_TASK ITEM:_
Under this line are records; the part from the line containing "The Large Flex in Olive Green" through the line containing "Triple Bubble Clicker" should be repeated exactly. Please exclude pictures.

_THE DATA:_
________________

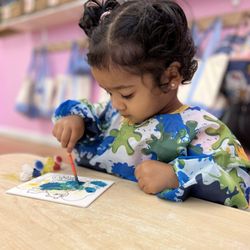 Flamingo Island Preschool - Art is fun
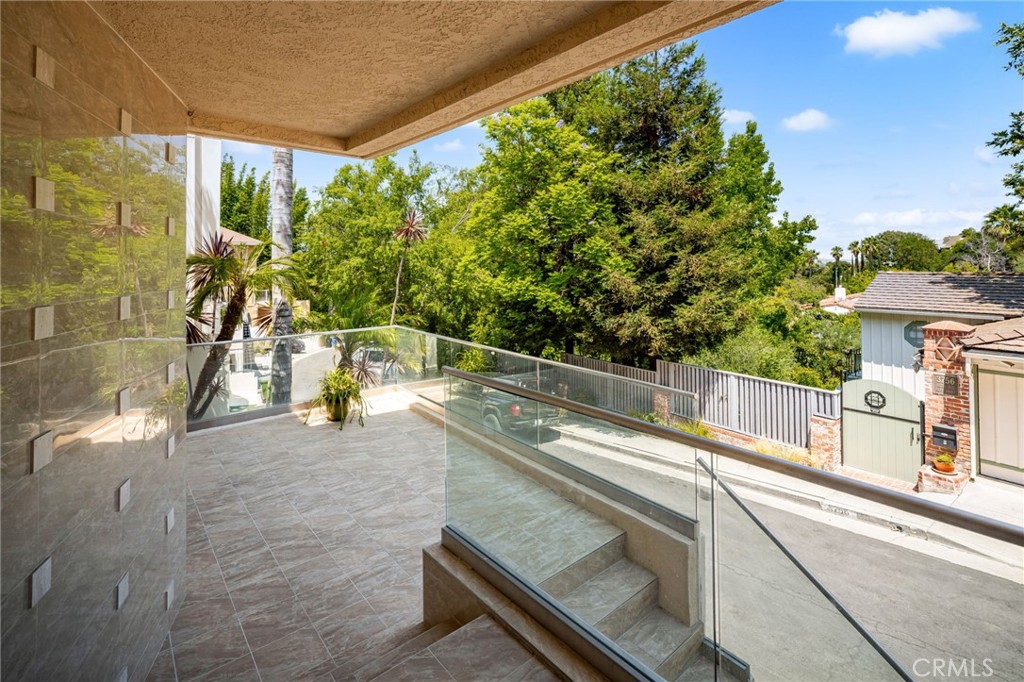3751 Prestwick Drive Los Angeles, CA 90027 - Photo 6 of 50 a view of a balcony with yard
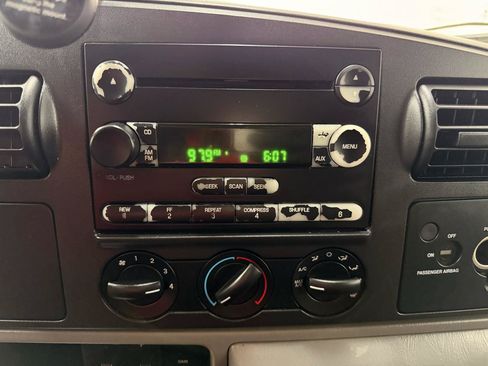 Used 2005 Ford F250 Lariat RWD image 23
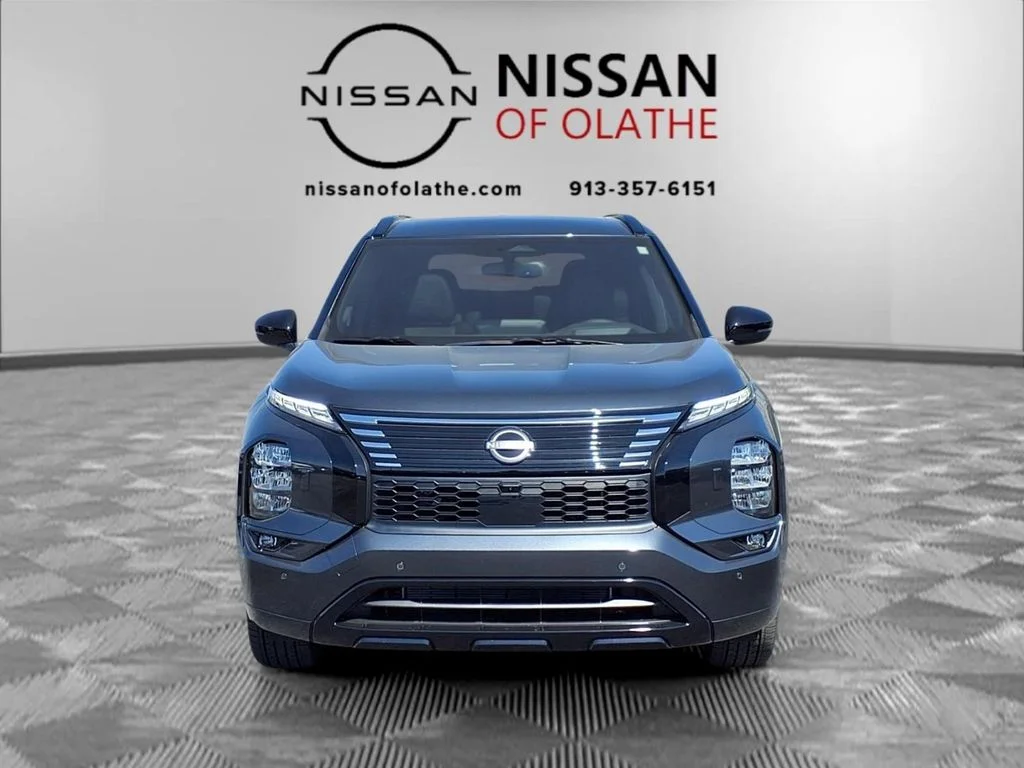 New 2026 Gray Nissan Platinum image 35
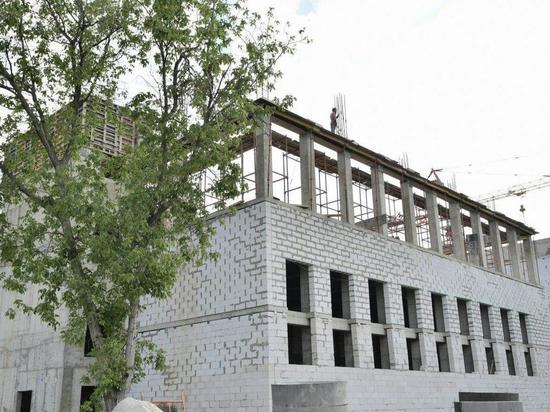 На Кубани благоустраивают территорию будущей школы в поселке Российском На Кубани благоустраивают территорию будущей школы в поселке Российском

________________

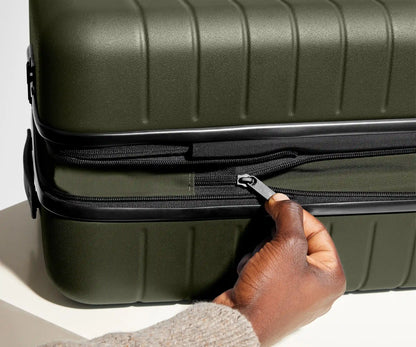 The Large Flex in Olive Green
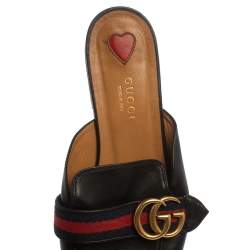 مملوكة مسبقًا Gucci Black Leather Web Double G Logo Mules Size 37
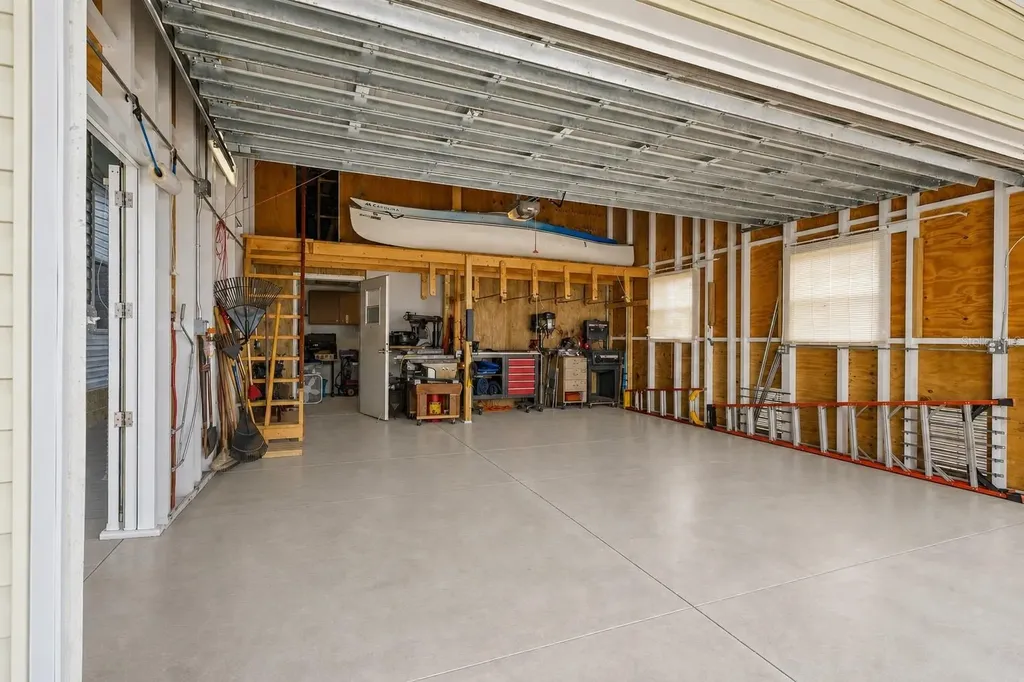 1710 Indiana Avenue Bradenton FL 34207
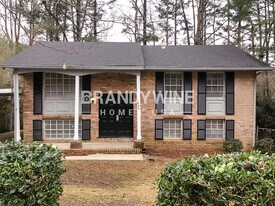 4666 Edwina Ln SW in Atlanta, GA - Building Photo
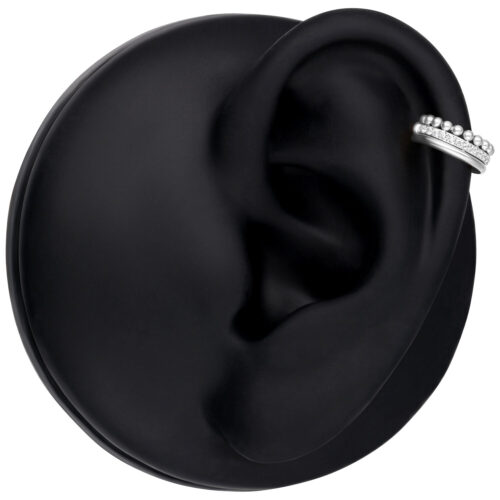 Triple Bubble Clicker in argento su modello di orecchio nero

________________

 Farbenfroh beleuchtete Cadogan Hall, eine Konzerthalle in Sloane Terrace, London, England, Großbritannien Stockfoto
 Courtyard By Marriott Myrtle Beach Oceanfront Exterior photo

________________

_EXPECTED OUTPUT:_
 The Large Flex in Olive Green
 مملوكة مسبقًا Gucci Black Leather Web Double G Logo Mules Size 37
 1710 Indiana Avenue Bradenton FL 34207
 4666 Edwina Ln SW in Atlanta, GA - Building Photo
 Triple Bubble Clicker in argento su modello di orecchio nero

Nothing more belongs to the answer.